This is because a person with disability has a comparatively very less chance of getting employed than an able-bodied person leading to unemployment or if employed, getting very poor wages. All that leads to poverty, especially if the person is the sole bread-earner of the family, the entire family becomes poor. Disabled population is therefore the poorest segment of populations across societies.

Poverty in itself is a mark of dissatisfaction, inequality and prevalent ‘structural violence’ in a society which have the potential to erupt into actual violence turning the situation of ‘negative peace’ in societies into a situation of ‘no peace’. This correlation between disability and poverty, establishes the point that societies with more disabled people are less developed and more violent in nature because of more poverty existing there.

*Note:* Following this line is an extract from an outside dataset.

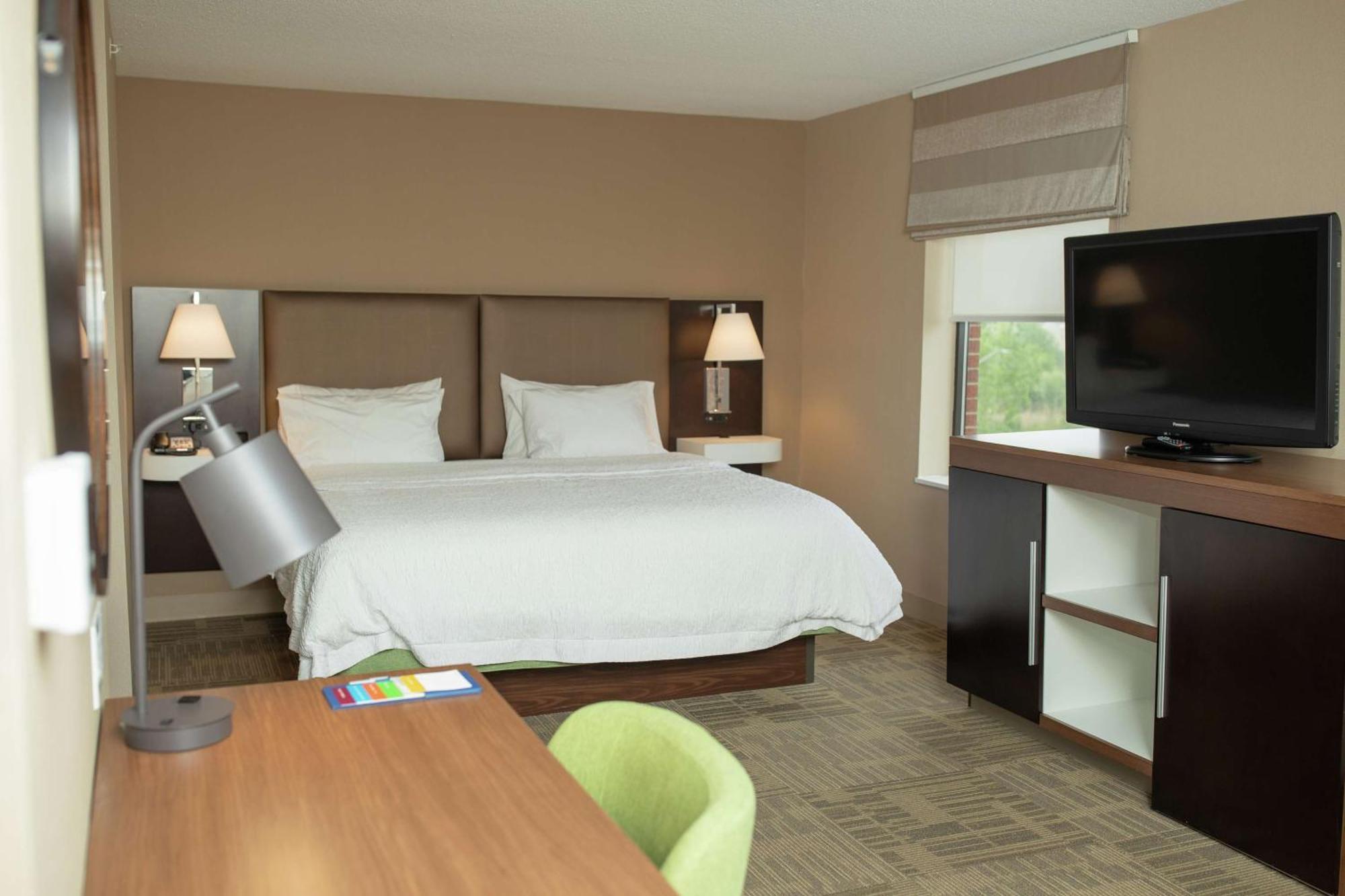 Hampton Inn Commerce/Novi Buitenkant foto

World Bank disability overview points out that “persons with disabilities, on average as a group, are more likely to experience adverse socio-economic outcomes than persons without disabilities, such as less education, poorer health outcomes, lower levels of employment, and higher poverty rates. A country’s economic, legislative, physical, and social environment may create or maintain barriers to the participation of people with disabilities in economic, civic, and community life”.

The World Health Organisation in its first report on disability mentions in its chapter ‘Disability and Poverty’ that “Persons with disabilities experience worse educational and labour market outcomes and are more likely to be poor than persons without disabilities”. It also mentions that persons with disability have lower employment rates and lower educational attainment than persons without disability.

In every sphere, disabled person’s life is pervaded with violence in some form or the other, the magnitude of this violence might differ, but its existence can’t be denied.